Anlässlich des Internationalen Frauentags am 8. März spricht Strafverteidigerin Christina Clemm über Gewalt und Hass gegen Frauen und erklärt, warum wir ihrer Ansicht nach in einem System leben, das Gewalt gegen Frauen sogar begünstigt.
Als Strafverteidigerin hat Christina Clemm in den vergangenen 30 Jahren Hunderte Opfer geschlechtsspezifischer Gewalt vertreten. Mit ihrem Buch "Gegen Frauenhass" zieht sie eine ernüchternde Bilanz und richtet sich mit einer deutlichen Forderung an die Justiz, Politik und Gesellschaft: Gewalt gegen Frauen könne nur dann bekämpft werden, wenn ein gesellschaftliches Umdenken und der Willen zur Gleichstellung stattfindet.

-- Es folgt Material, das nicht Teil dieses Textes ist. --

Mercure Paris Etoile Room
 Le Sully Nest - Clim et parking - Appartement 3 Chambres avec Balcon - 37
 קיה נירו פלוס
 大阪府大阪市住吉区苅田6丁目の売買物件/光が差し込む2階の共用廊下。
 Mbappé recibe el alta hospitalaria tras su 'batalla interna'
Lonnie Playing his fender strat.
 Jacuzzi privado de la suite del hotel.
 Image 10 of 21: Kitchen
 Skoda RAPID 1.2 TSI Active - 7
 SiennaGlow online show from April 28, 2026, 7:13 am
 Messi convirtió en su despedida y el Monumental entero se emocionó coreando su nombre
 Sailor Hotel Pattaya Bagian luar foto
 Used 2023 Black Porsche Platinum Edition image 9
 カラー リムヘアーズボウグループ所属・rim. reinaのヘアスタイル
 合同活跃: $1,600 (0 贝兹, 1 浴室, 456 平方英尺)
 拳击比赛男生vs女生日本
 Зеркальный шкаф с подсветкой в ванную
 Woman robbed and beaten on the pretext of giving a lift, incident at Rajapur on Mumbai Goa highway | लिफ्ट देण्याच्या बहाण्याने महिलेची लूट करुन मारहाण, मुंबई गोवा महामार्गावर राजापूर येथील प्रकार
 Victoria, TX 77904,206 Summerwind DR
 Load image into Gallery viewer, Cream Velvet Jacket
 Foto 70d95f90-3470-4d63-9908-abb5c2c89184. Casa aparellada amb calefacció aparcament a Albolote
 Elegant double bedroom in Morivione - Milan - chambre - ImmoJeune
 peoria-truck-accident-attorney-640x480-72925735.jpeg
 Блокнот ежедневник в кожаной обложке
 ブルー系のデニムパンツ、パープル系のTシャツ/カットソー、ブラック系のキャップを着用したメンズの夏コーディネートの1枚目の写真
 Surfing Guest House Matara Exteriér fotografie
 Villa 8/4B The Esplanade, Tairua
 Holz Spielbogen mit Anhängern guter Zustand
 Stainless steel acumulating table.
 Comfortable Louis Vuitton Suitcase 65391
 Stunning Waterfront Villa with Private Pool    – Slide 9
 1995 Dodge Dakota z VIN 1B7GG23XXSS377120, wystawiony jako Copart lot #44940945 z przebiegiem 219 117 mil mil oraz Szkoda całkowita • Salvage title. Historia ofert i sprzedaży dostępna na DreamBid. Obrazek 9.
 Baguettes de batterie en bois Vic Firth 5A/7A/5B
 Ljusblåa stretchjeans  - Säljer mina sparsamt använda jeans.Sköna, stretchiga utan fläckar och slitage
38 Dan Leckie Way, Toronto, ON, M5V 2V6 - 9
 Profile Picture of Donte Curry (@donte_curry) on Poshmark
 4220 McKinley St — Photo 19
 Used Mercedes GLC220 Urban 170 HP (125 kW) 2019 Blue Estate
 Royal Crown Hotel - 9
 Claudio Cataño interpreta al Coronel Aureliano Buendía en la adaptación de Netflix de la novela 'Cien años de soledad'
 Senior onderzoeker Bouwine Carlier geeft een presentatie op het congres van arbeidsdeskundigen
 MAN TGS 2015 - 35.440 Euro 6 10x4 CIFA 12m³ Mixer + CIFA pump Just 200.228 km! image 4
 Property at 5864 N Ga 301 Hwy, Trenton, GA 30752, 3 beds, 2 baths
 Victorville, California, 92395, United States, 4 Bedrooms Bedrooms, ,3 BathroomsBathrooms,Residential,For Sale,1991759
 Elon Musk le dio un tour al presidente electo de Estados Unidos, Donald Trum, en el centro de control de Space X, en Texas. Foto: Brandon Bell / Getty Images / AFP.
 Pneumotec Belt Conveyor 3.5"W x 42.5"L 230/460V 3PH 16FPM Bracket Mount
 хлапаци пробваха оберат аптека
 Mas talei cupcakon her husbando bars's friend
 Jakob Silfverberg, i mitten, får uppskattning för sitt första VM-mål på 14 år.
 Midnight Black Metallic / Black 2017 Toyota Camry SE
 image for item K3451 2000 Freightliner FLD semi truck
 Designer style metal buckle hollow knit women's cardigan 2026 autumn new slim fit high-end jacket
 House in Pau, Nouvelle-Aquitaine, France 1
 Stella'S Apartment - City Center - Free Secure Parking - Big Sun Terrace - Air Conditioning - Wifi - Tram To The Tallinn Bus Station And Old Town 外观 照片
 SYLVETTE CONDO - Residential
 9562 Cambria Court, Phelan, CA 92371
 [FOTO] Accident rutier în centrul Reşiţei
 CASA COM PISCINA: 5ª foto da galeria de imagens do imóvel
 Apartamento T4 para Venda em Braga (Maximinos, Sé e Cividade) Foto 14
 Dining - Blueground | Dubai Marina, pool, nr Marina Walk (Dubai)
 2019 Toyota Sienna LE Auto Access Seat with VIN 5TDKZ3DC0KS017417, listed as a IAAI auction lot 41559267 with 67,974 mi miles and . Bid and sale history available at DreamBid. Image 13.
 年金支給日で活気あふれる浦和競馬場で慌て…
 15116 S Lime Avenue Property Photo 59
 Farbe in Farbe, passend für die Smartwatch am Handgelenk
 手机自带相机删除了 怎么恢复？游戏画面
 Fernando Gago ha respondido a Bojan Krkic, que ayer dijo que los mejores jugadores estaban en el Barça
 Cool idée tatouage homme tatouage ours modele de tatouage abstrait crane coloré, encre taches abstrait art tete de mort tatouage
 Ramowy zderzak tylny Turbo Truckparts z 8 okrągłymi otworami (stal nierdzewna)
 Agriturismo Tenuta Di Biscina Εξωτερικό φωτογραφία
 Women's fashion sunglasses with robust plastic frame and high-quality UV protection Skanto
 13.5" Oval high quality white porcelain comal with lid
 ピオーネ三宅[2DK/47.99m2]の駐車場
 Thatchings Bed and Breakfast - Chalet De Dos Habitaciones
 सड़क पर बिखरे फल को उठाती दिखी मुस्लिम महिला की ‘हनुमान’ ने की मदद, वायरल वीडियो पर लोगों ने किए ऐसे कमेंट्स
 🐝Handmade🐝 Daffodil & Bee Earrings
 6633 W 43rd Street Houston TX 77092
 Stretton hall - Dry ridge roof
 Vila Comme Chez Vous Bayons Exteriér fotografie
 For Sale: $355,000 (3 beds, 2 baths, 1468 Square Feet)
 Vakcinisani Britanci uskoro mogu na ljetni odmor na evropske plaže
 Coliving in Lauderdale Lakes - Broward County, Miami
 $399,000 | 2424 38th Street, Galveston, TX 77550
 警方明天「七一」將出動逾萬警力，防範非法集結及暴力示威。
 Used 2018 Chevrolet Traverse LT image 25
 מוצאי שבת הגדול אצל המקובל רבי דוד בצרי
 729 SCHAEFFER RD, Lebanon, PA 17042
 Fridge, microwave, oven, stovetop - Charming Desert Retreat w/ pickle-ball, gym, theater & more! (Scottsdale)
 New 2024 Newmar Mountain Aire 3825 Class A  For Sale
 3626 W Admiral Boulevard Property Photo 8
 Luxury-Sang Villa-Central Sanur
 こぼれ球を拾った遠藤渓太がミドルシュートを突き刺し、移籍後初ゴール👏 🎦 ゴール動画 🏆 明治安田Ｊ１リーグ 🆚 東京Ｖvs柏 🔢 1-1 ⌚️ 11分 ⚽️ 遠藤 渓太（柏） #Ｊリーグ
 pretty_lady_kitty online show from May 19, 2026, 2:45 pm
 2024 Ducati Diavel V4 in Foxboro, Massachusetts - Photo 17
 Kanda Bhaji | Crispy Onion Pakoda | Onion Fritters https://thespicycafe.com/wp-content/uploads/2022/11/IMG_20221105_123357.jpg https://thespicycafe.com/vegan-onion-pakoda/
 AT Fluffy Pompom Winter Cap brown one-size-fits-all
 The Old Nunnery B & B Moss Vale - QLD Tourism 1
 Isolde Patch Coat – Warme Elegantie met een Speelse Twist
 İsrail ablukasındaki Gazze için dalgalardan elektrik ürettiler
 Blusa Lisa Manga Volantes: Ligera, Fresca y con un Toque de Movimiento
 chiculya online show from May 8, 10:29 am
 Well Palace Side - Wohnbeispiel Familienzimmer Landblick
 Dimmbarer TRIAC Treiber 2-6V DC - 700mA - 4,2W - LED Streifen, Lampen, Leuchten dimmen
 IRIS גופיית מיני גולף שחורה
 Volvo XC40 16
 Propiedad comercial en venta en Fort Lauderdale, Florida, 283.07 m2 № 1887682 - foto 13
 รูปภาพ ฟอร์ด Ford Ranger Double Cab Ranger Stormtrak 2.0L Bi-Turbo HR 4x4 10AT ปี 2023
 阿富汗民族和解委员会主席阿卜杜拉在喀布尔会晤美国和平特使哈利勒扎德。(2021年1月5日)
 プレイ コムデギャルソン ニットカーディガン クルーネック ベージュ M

Im Interview mit unserer Redaktion spricht Christina Clemm über den Weltfrauentag, die Normalisierung von Hass und erklärt, inwiefern das System, in dem wir leben, nach ihrer Ansicht Gewalt gegen Frauen begünstigt.
Frau Clemm, jeden dritten Tag wird eine Frau in Deutschland von ihrem Partner oder Ex-Partner getötet. Das sind verstörende Zahlen …
Christina Clemm: Absolut. Noch verstörender ist aber, dass sich diese Zahlen nicht verändert haben in den letzten Jahren. Das Bundeskriminalamt veröffentlicht einmal im Jahr eine Statistik zur Partnerschaftsgewalt. Daraus ging hervor, dass die Zahlen zur Partnerschaftsgewalt zuletzt sogar gestiegen sind.
Können Sie sich erklären, wie es dazu kommen kann?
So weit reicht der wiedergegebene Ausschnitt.